But even a tried-and-true solution can be improved. Along with heat sink optimization, in which designers finesse different fin thicknesses and spacing, passive solutions have taken a new form with pin-fin heat sinks. Instead of an extruded profile, pin-fins resemble an upside-down round table with a copious number of legs, and the diode affixed to the tabletop surface.

Pin-fins, Reed says, allow heated air to rise and then flow out unencumbered around the fins. This attribute is advantageous in fixtures with rotatable heads such as tracklights. “When you tilt a standard fin that’s been extruded, the air can’t flow up on the same orientation or axis as gravity because it actually runs into the fin,” Reed says.

Lighting manufacturers have also begun turning fixture bodies into integrated thermal solutions. With this strategy, the trim around a luminaire in an insulated ceiling system can serve double duty as the finishing trim and as the heat sink. Similarly, the fins of such sculptural fixtures as Cree’s Aeroblades streetlight function as more than just eye candy.

As LEDs become more efficient, the size and weight required for a heat sink will decrease, says Mark McClear, Cree’s vice president of applications engineering. In turn, material and shipping costs will decrease. “Everything goes in the right direction when LEDs get more efficient,” McClear says.

Actively Engaged
The ease of passive thermal management is often countered by the bulkiness of the heat sink. This size can be problematic for small fixtures, inadequate for sealed outdoor luminaires, and not feasible at all for high-lumen downlights. By forcibly circulating air instead of relying on natural convection, active cooling “allows you to dissipate a lot more heat in a lot smaller space,” Hand says.

Because active cooling inherently has more moving parts and costs more, its adoption by OEMs has been slow. However, recent advancements have made active strategies more efficient and reliable.

Even the de facto active solution—the fan—has made strides. As Xicato’s Reed explains, the long-standing configuration options use either a sleeve bearing—typically constructed out of plastic or polymer-based materials and susceptible to wear from dust buildup and time—or a more durable metal ball-bearing system.

To eliminate the friction between the fan bearing and shaft, cooling design company Sunon, in Brea, Calif., introduced MagLev, which uses magnetic levitation. To counter dust buildup, the company also developed a two-way rotational technology that counter-spins fans for the first few seconds of operation, which “peels off dust from the fan blades,” Reed says.

Sound is another source of complaints with active solutions. In rooms where track fixtures are installed, for example, the noise created by active solutions—which currently ranges from 15 to 30 decibels each, on average—can build up noticeably. “It sounds like a beehive,” Reed says. Farmington, Conn.–based Ebm-Papst offers a fan that operates at 7 decibels, which is the quietest product that Reed has seen to date.

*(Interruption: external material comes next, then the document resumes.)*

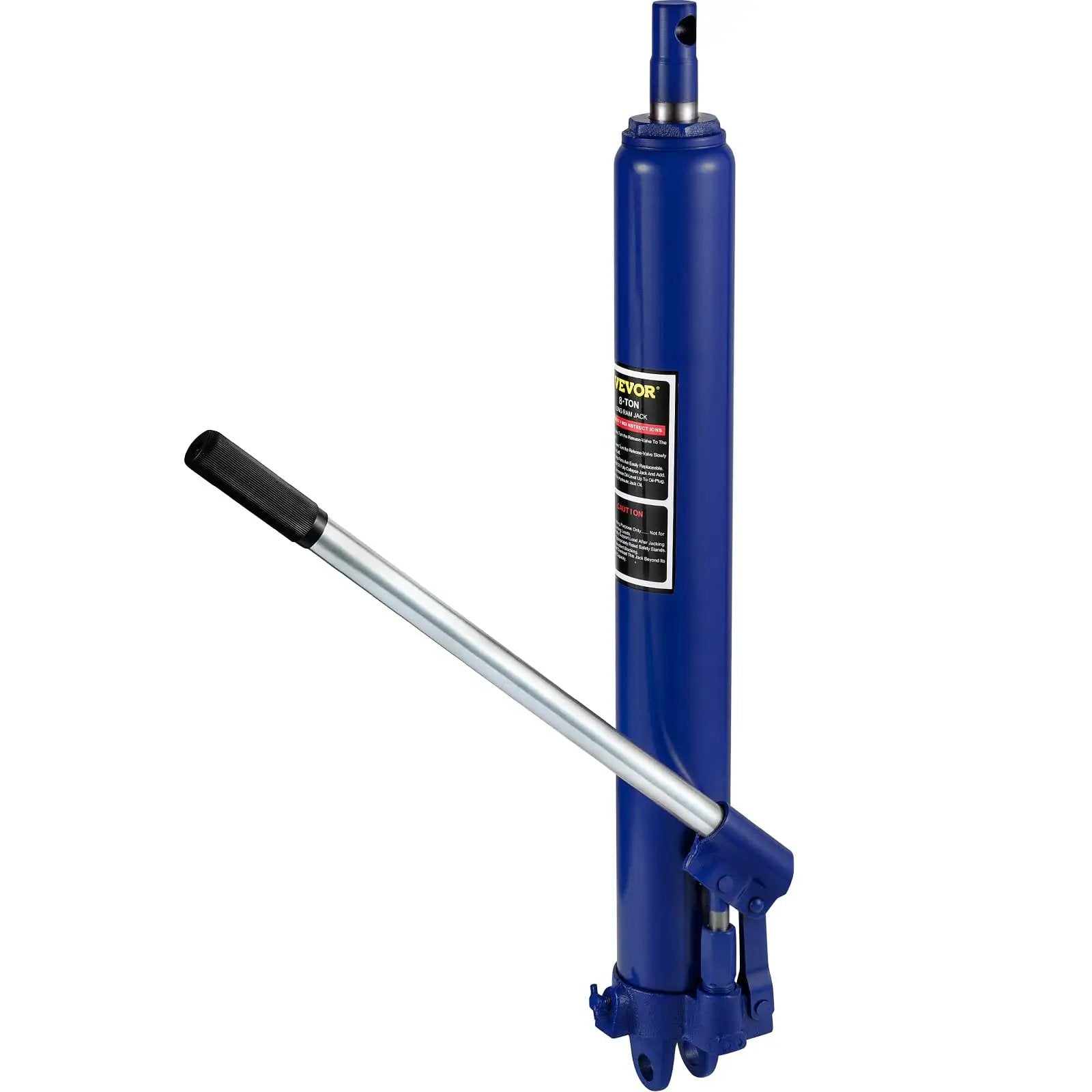 Blue Beefy 8 Ton Hydraulic Long Ram Jack With Single Piston Pump And Clevis Base for garage and shop cranes and engine lifts.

For manufacturers still leery of fans, Nuventix in Austin, Texas, offers a pulsing silicon membrane technology that moves air from the LED to a heat sink, which in turn can be reduced to as little as one-third the size of a standalone passive solution. The synthetic jet technology, or SynJet, “has no rotational or frictional parts,” says Nuventix’s senior vice president of sales and marketing Tom Dalton. Instead it uses power from the LED driver—about 0.35W to 1W, he estimates—to pulse the membrane 50 times per second. These pulsations create a turbulent airflow that results in “better heat extraction in terms of convection” than the laminar airflow created by a fan, Reed says. The technology, which SynJet guarantees for five years, stretches the silicon membrane to about 10 percent of its limits, Nuventix’s Dalton says.

Though some manufacturers remain wary of active cooling solutions’ moving parts, most agree that active strategies are more efficient than passive ones. “The more air you can move and do it quietly, the better off you’ll be,” Gershowitz says.

Hybrid Heat Pipes
Heat pipes, an established cooling mechanism for computers that combines attributes from active and passive solutions, have also garnered newfound interest from OEMs and lighting manufacturers. Composed essentially of a sealed metal tube filled with a thermally conductive liquid, heat pipes wick heat away from an LED and take it to a remote cooling mechanism. Though the system’s efficacy decreases as the distance between the heat source and heat sink increases, heat pipes do enable the components to be disparate. This separation is a great design opportunity, Gershowitz says. For example, heat pipes in a compact pendant fixture could transfer heat to a creative ceiling canopy. Designers could “come up with some very attractive solutions,” he says.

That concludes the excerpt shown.